== EXTRACTED INFORMATION

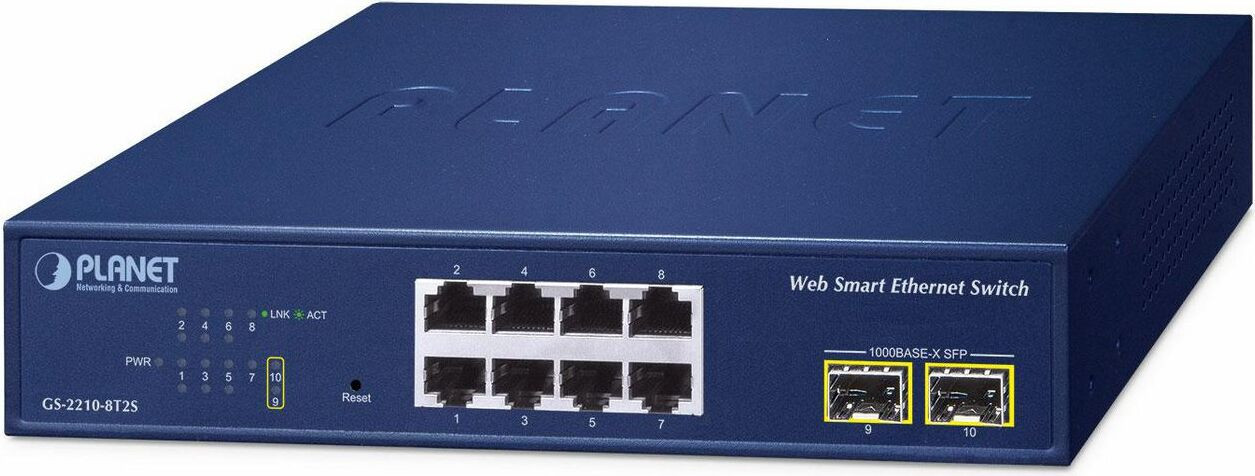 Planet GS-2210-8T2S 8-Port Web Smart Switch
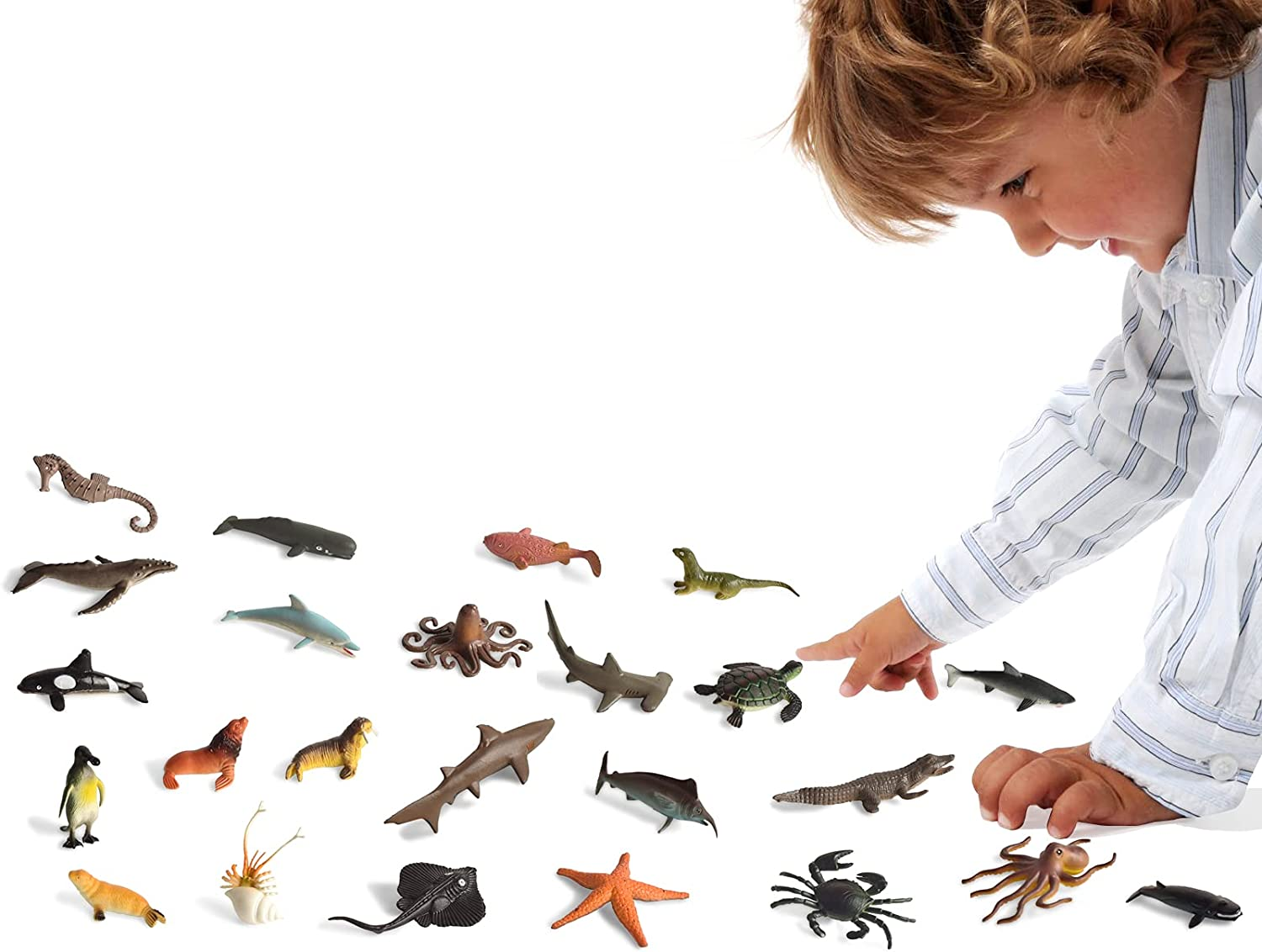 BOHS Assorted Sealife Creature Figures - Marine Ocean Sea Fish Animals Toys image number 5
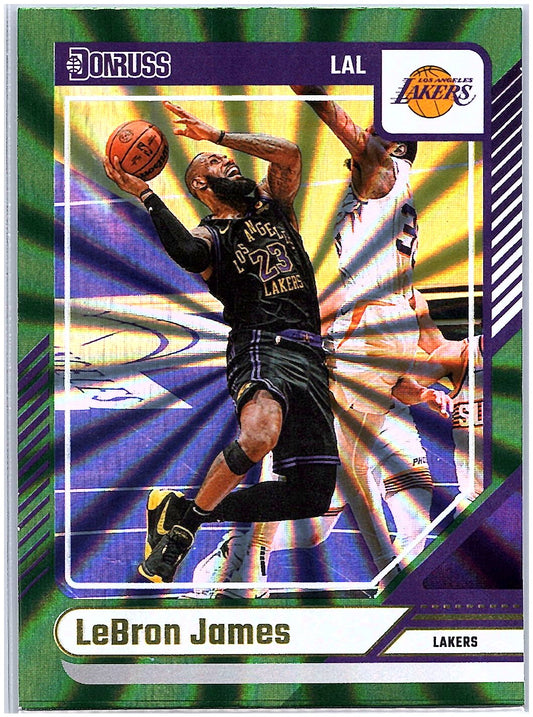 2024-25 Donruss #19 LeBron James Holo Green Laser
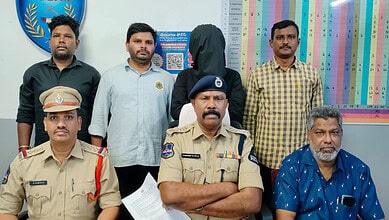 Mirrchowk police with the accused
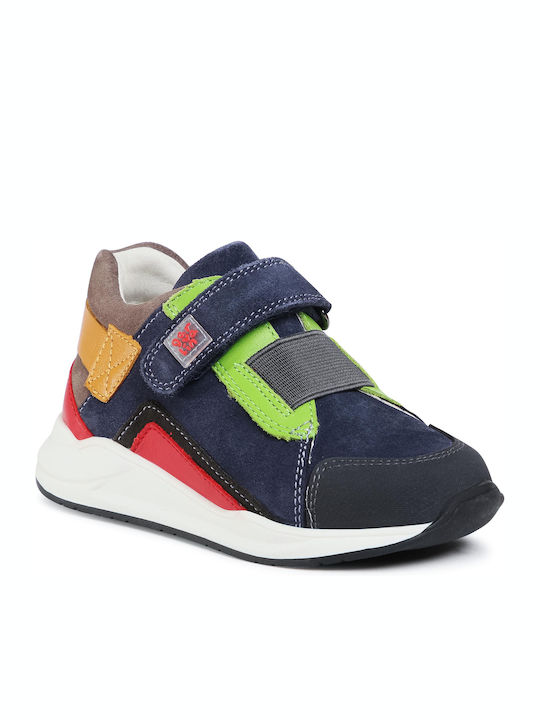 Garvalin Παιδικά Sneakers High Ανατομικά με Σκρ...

====
== EXTRACTED INFORMATION

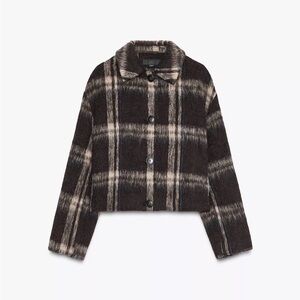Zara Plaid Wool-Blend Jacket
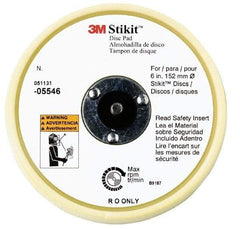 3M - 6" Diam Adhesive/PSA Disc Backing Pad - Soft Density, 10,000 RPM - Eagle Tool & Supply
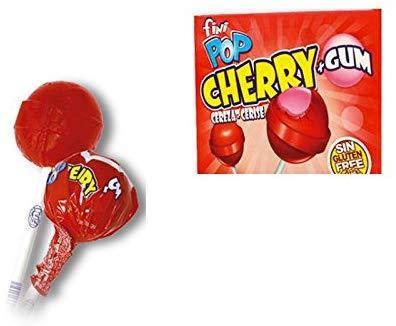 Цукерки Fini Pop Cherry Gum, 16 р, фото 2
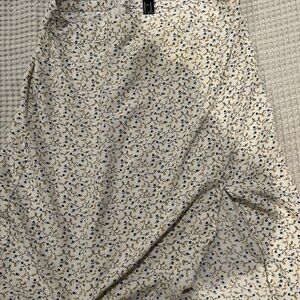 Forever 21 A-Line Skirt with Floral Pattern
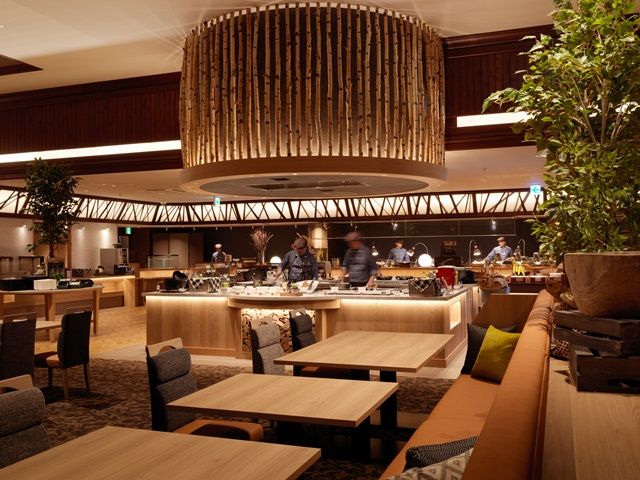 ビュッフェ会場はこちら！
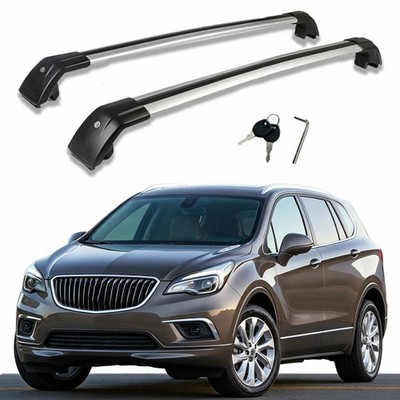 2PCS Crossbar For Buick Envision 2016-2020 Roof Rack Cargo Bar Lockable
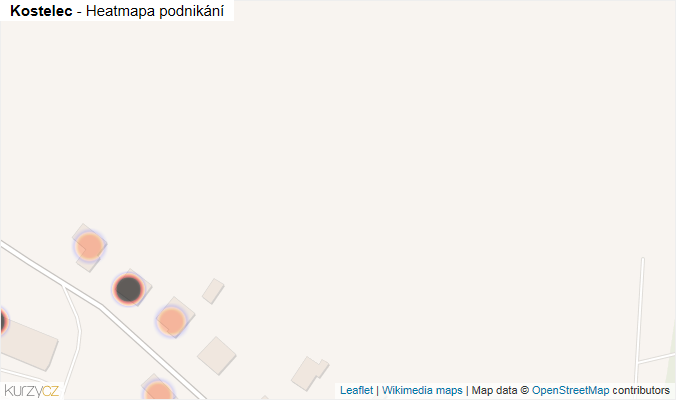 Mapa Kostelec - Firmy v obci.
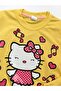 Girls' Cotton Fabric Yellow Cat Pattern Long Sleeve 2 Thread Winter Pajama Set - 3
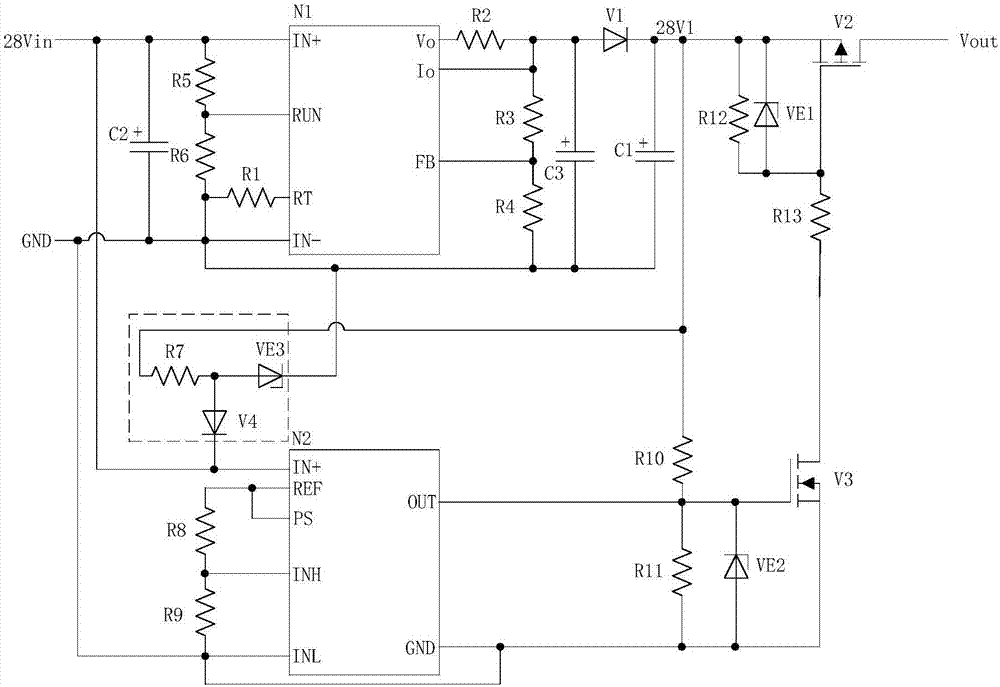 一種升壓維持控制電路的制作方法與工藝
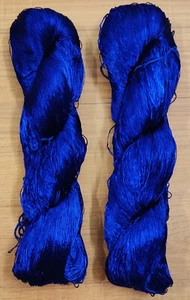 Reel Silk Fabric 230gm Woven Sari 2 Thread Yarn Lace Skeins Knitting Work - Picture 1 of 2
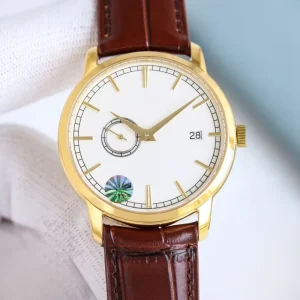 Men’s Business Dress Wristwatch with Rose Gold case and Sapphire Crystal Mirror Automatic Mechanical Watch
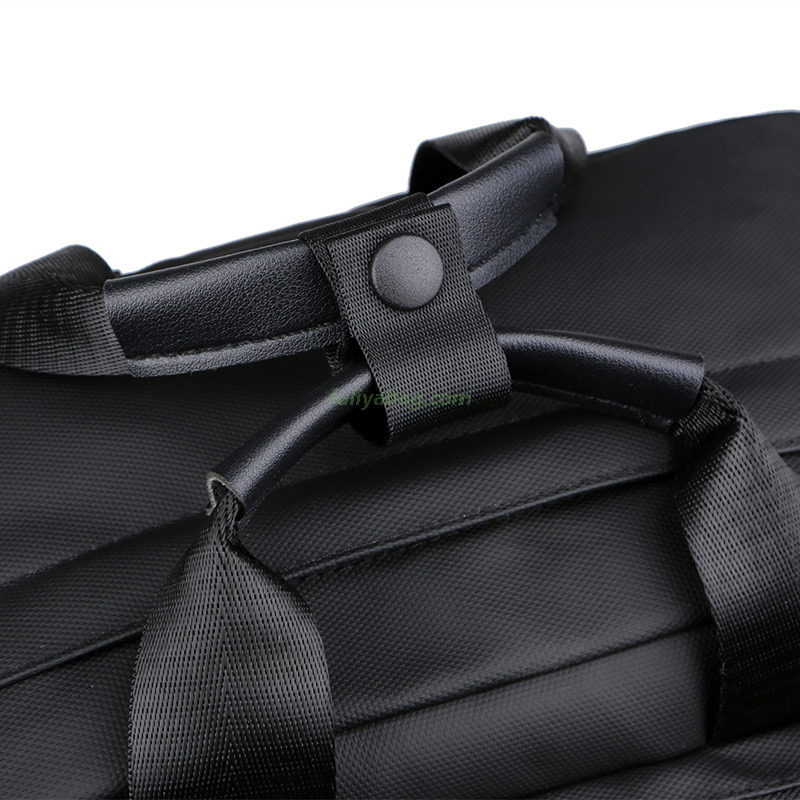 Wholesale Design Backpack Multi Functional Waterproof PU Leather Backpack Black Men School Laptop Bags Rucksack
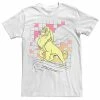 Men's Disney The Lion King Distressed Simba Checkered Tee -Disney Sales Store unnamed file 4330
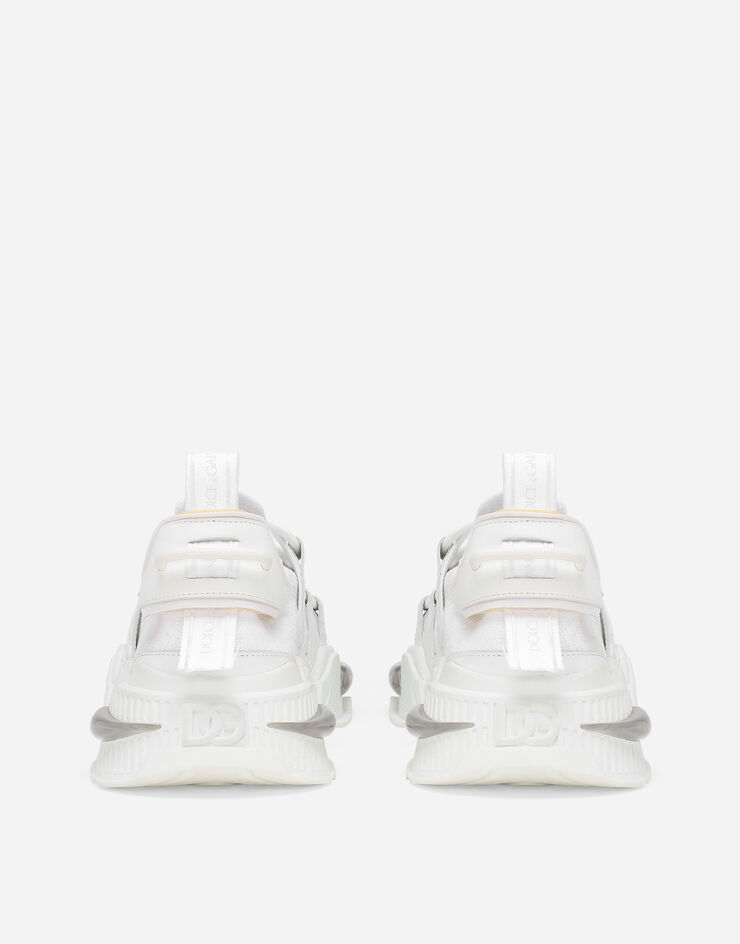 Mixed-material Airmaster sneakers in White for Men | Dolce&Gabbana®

====

**REQUIRED WORK**
Given the listing above, retype only the span of lines from the line with "Planet GS-2210-8T2S 8-Port Web Smart Switch" up to and including the line with "Garvalin Παιδικά Sneakers", exactly as it stands and without pictures.

**REPLY**
 Planet GS-2210-8T2S 8-Port Web Smart Switch
 BOHS Assorted Sealife Creature Figures - Marine Ocean Sea Fish Animals Toys image number 5
 2024-25 Donruss #19 LeBron James Holo Green Laser
 Mirrchowk police with the accused
 Garvalin Παιδικά Sneakers High Ανατομικά με Σκρ...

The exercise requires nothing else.